_TASK_
Produce word for word the lines of the data below running from the one that has "34 White Heron" to the one that has "Kirayə (aylıq) 2", inclusive, and no others.

_AVAILABLE RECORDS_
※ ※ ※
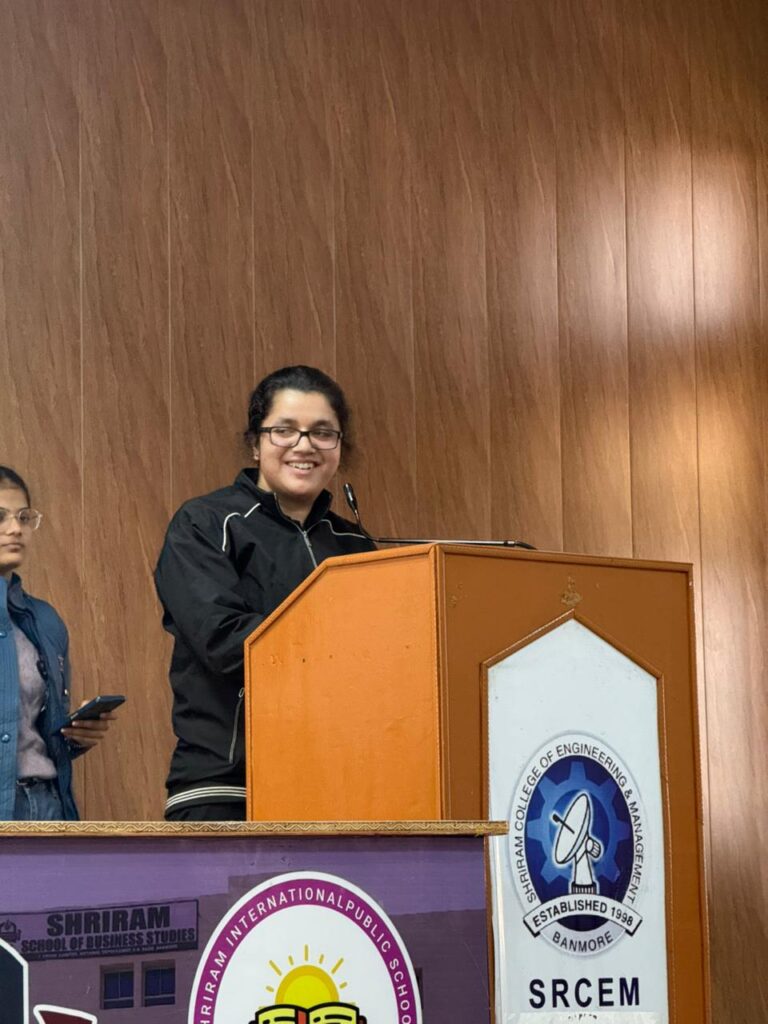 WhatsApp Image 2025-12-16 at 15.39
※ ※ ※
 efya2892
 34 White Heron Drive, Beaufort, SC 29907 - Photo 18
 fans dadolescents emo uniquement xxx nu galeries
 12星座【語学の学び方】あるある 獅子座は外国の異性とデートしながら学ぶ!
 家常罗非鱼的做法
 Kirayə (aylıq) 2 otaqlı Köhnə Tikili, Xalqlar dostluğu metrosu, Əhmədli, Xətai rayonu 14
※ ※ ※
_FINAL ANSWER_
 34 White Heron Drive, Beaufort, SC 29907 - Photo 18
 fans dadolescents emo uniquement xxx nu galeries
 12星座【語学の学び方】あるある 獅子座は外国の異性とデートしながら学ぶ!
 家常罗非鱼的做法
 Kirayə (aylıq) 2 otaqlı Köhnə Tikili, Xalqlar dostluğu metrosu, Əhmədli, Xətai rayonu 14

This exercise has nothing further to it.